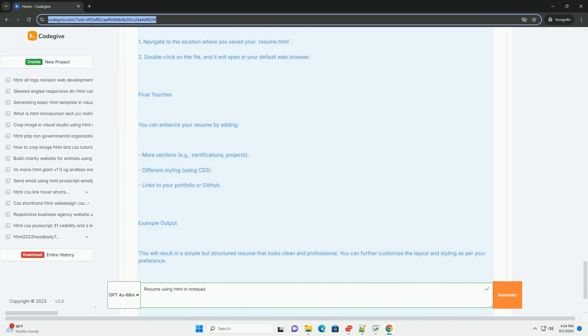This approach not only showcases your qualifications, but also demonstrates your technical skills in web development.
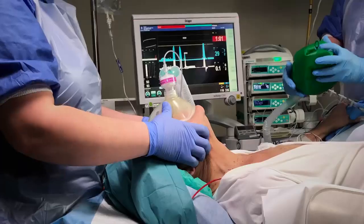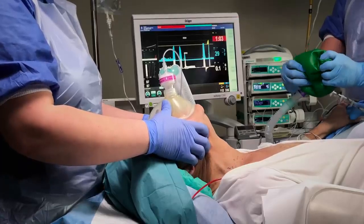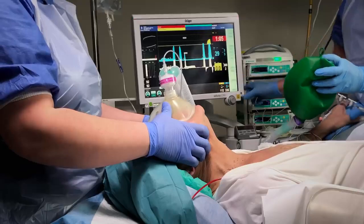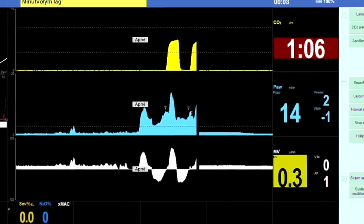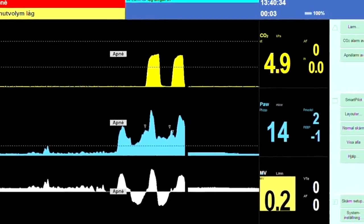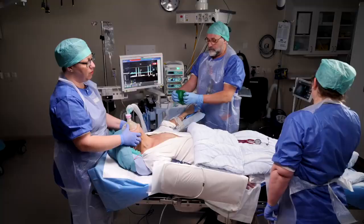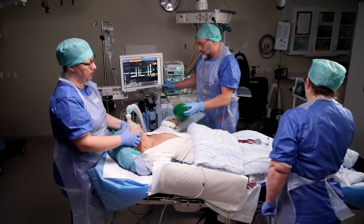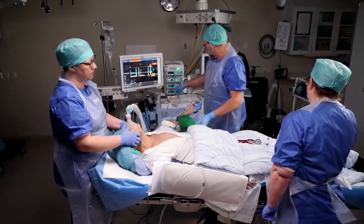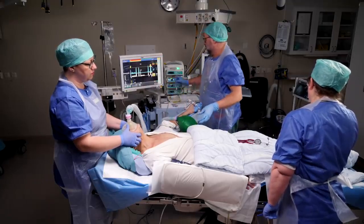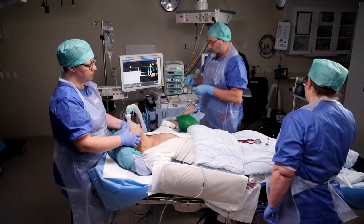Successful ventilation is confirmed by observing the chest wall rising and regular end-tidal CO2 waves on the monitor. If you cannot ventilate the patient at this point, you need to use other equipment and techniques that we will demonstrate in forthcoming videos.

◆ ◆ ◆ ◆ ◆ ◆ ◆

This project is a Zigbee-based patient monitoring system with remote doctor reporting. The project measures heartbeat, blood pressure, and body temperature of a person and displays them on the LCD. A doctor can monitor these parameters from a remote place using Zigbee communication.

◆ ◆ ◆ ◆ ◆ ◆ ◆

• **EXERCISE OBJECTIVE**: Within the listing above, write out the stretch from the line with "This approach not" through the line with "Successful ventilation is" exactly. Any pictures are to be left out.

• **EXPECTED OUTPUT**:
This approach not only showcases your qualifications, but also demonstrates your technical skills in web development.
Successful ventilation is confirmed by observing the chest wall rising and regular end-tidal CO2 waves on the monitor. If you cannot ventilate the patient at this point, you need to use other equipment and techniques that we will demonstrate in forthcoming videos.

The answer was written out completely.